__Exercise prompt__
In the listing that follows, retype every line from the first through the one containing "2026届广东省中山一中等七校重点中学高考冲刺押题（最后一卷）物理试卷含解析". Pictures are to be left out.

___ Data listing

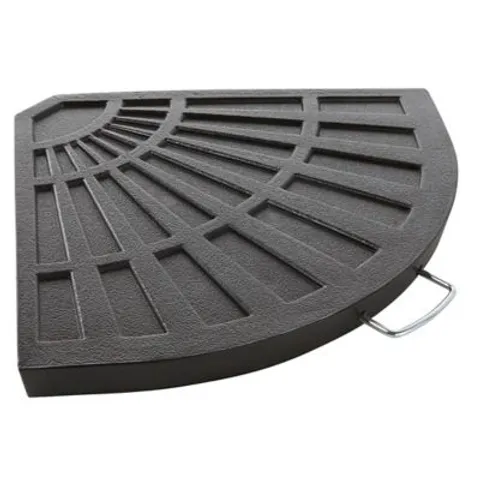 QUARTER PARASOL BASE - BLACK
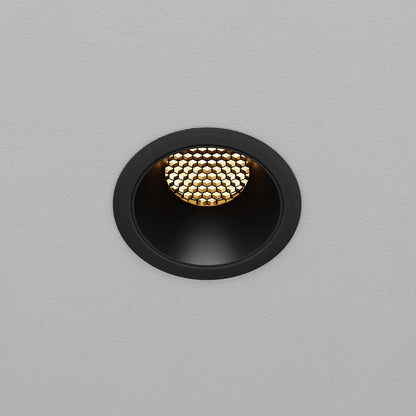 Maytoni Dip LED 50° ugradbena kružna svjetiljka za dolje, crna
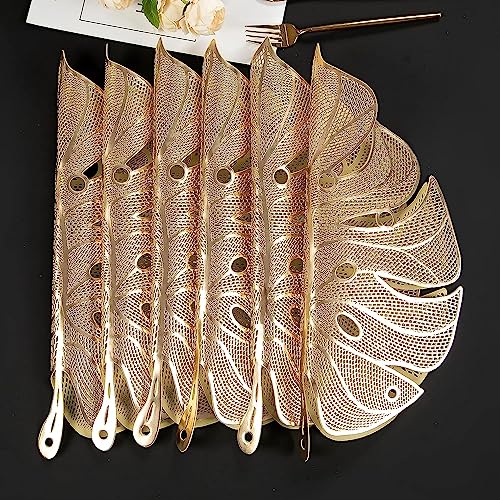 Leaf Shape Dining Table Mats Dining Table Placemats- #Royalkart#dining table mats set of 6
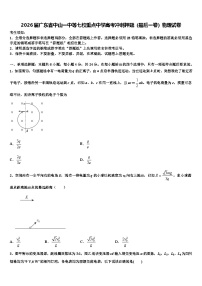 2026届广东省中山一中等七校重点中学高考冲刺押题（最后一卷）物理试卷含解析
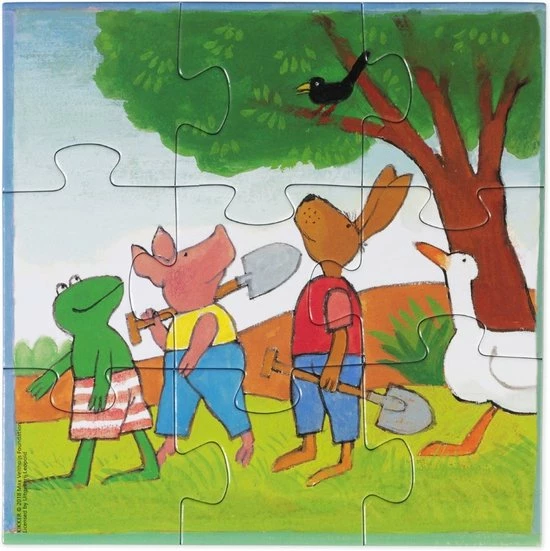 Bambolino Toys - Kikker 4 In 1 Puzzel Set - 4+6+9+16 Stukjes - Kinderpuzzel - Leren Puzzelen - Educatief Peuter Speelgoed 5 Bambolino Toys - Kikker 4 In 1 Puzzel Set - 4+6+9+16 Stukjes - Kinderpuzzel - Leren Puzzelen - Educatief Peuter Speelgoed - Afbeelding 3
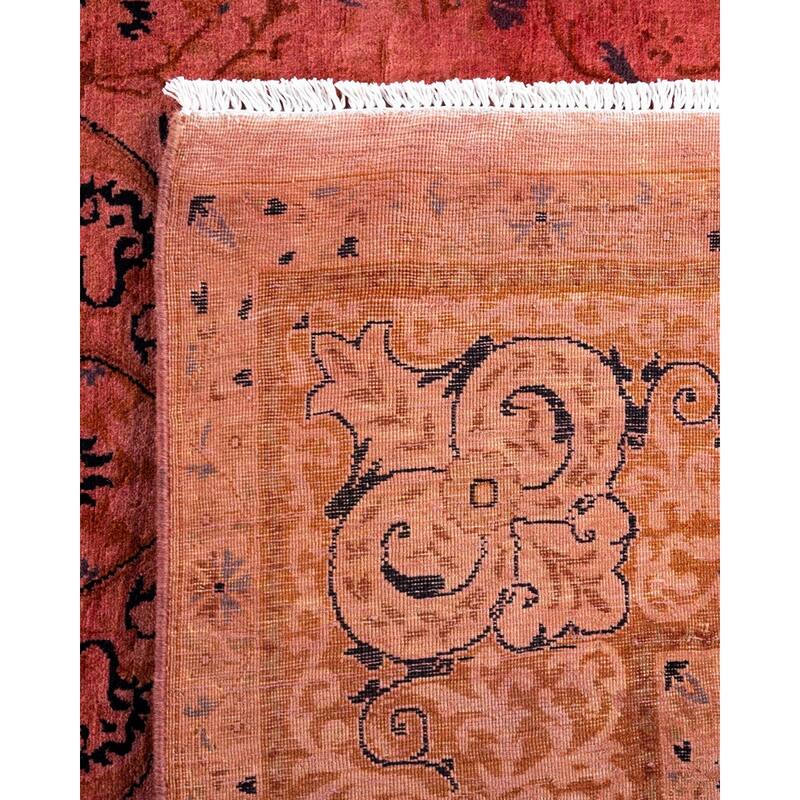 Contemporary Overdyed Wool Hand Knotted Area Rug - 5' 10" x 9' 5"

______

__Output below__
 QUARTER PARASOL BASE - BLACK
 Maytoni Dip LED 50° ugradbena kružna svjetiljka za dolje, crna
 Leaf Shape Dining Table Mats Dining Table Placemats- #Royalkart#dining table mats set of 6
 2026届广东省中山一中等七校重点中学高考冲刺押题（最后一卷）物理试卷含解析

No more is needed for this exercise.